Guido van Rossum <guido@python.org> wrote:
On Fri, Jun 25, 2010 at 1:43 PM, Glyph Lefkowitz <glyph@twistedmatrix.com> wrote:
On Jun 24, 2010, at 4:59 PM, Guido van Rossum wrote:
Regarding the proposal of a String ABC, I hope this isn't going to become a backdoor to reintroduce the Python 2 madness of allowing equivalency between text and bytes for *some* strings of bytes and not others.
I never actually replied to this... Absolutely right, which is why you might really want another kind of string, rather than a way to treat some bytes values as strings in some places. Both Python 2 and Python 3 are missing one of the three types. Python 1 and 2 didn't have "bytes", and this caused problems because "str" was pressed into use to hold arbitrary byte sequences. (Python 2 "str" has other problems as well, like losing track of the encoding.) Python 3 doesn't have Python 2's "str" (encoded string), and bytes are being pressed into use for that. Each of these uses is an ad hoc hijack of an inappropriate type, and additional frameworks not directly supported by the Python language are being jury-rigged to try to support the uses. On the other hand, this is all in the eye of the beholder. Both byte sequences and strings are horrible formless things; they remind me of BLISS. You seldom really have a byte sequence; what you have is an XDR float or an encoded string or an IP header or an email message. Similarly for strings; they are really file names or city names or English sentences or URIs or other things with significant semantic constraints not captured by the typical type system. So, yes, there *is* an inescapable equivalency between text and bytes for *some* sequences of bytes (those that represent encoded strings) and not others (those that contain the XDR float, for instance). Creating a separate encoded string type would be one way to keep that straight.

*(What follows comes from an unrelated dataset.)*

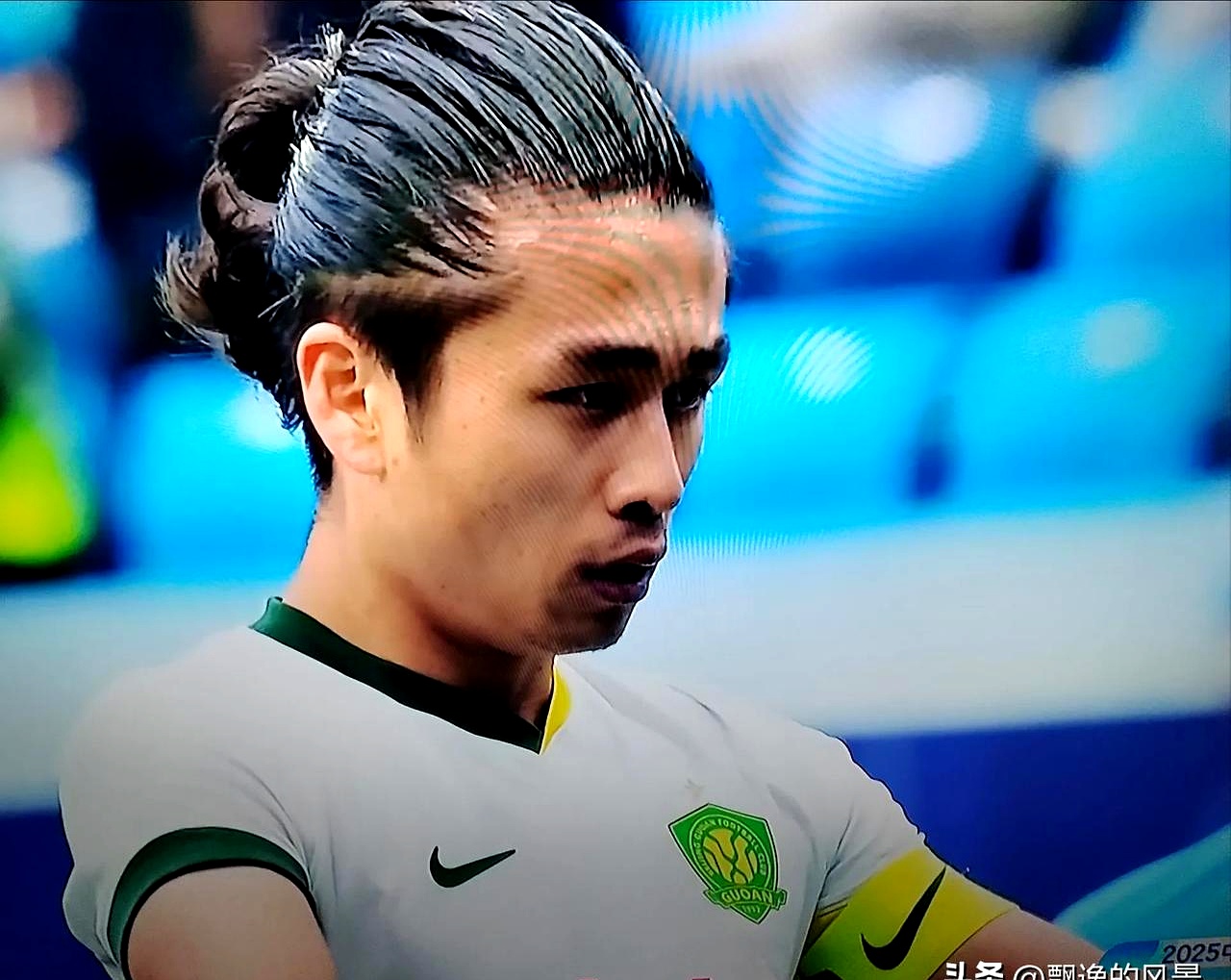 年轻队员表现抢眼,球队士气高涨 年轻队员表现抢眼,球队士气高涨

For my part, what I want out of a string ABC is simply the ability to do application-specific optimizations. There are many applications where all input and output is text, but _must_ be UTF-8. Even GTK uses UTF-8 as its native text representation, so "output" could just be display. Right now, in Python 3, the only way to be "correct" about this is to copy every byte of input into 4 bytes of output, then copy each code point *back* into a single byte of output. If all your application does is rewrite the occasional XML attribute, for example, this cost can be significant, if not overwhelming. I'd like a version of 'decode' which would give me a type that was, in every respect, unicode, and responded to all protocols exactly as other unicode objects (or "str objects", if you prefer py3 nomenclature ;-)) do, but wouldn't actually copy any of that memory unless it really needed to (for example, to pass to a C API that expected native wide characters), and that would hold on to the original bytes so that it could produce them on demand if encoded to the same encoding again. So, as others in this thread have mentioned, the 'ABC' really implies some stuff about C APIs as well.
Seems like it.
I'm not sure about the exact performance impact of such a class, which is why I'd like the ability to implement it *outside* of the stdlib and see how it works on a project, and return with a proposal along with some data.
Yes, exactly.
There are also different ways to implement this, and other optimizations (like ropes) which might be better. You can almost do this today, but the lack of things like the hypothetical "__rcontains__" does make it impossible to be totally transparent about it.
But you'd still have to validate it, right? You wouldn't want to go on using what you thought was wrapped UTF-8 if it wasn't actually valid UTF-8 (or you'd be worse off than in Python 2).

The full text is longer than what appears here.